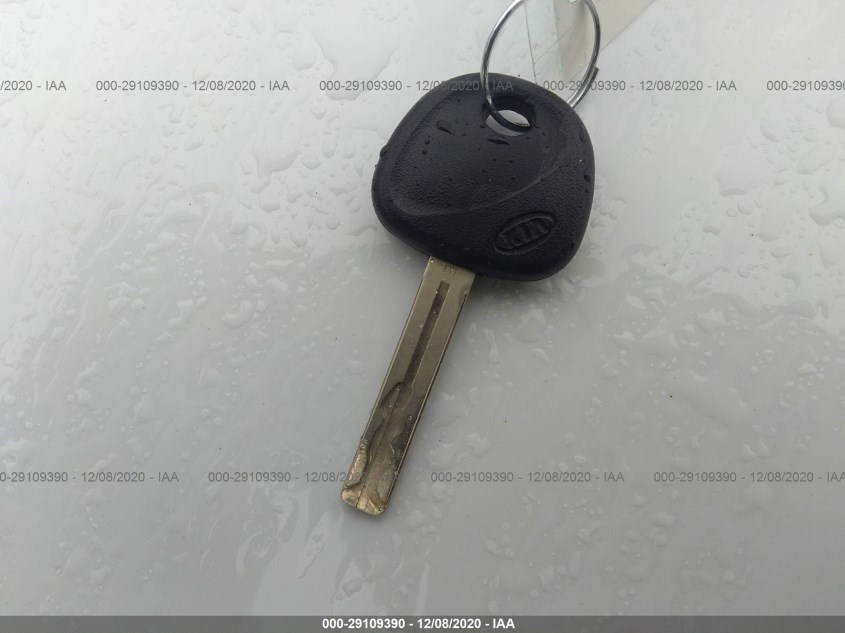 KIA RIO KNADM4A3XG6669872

◇ ◇ ◇ ◇ ◇

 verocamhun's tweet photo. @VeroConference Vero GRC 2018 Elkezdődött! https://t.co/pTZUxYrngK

◇ ◇ ◇ ◇ ◇

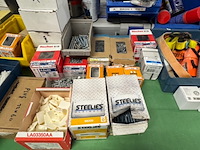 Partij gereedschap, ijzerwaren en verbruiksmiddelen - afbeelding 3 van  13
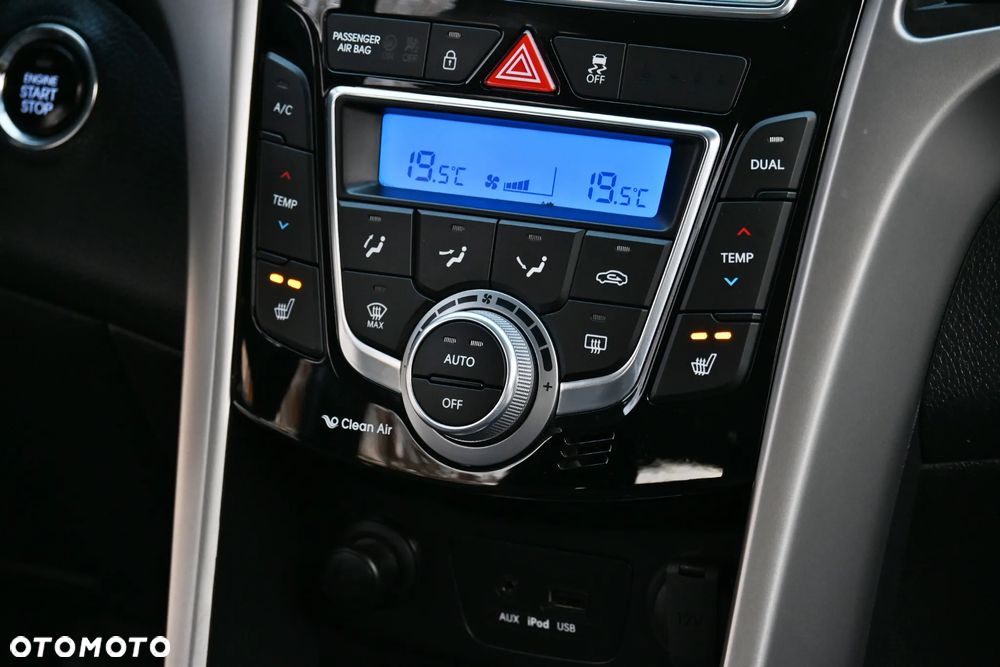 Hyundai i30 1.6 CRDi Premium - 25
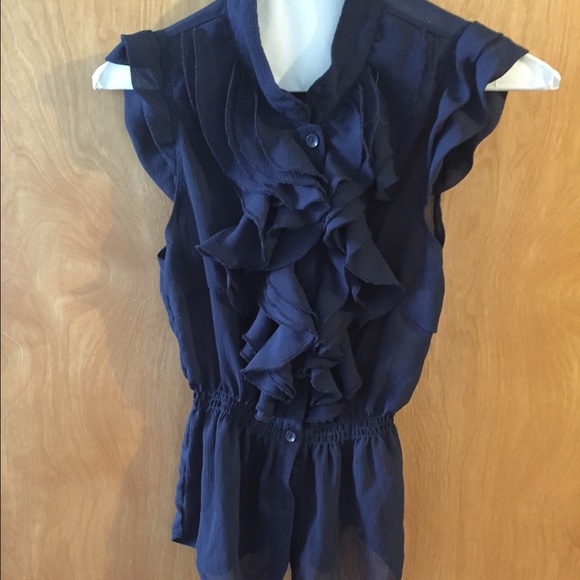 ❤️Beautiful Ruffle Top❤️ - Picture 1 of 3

◇ ◇ ◇ ◇ ◇

▶ _EXERCISE DIRECTIONS_
Go down the entries above from the line containing "Partij gereedschap, ijzerwaren" to the line containing "Picture 1 of 3" and write out each line exactly, leaving pictures out.

▶ _RESPONSE TO THIS TASK_
 Partij gereedschap, ijzerwaren en verbruiksmiddelen - afbeelding 3 van  13
 Hyundai i30 1.6 CRDi Premium - 25
 ❤️Beautiful Ruffle Top❤️ - Picture 1 of 3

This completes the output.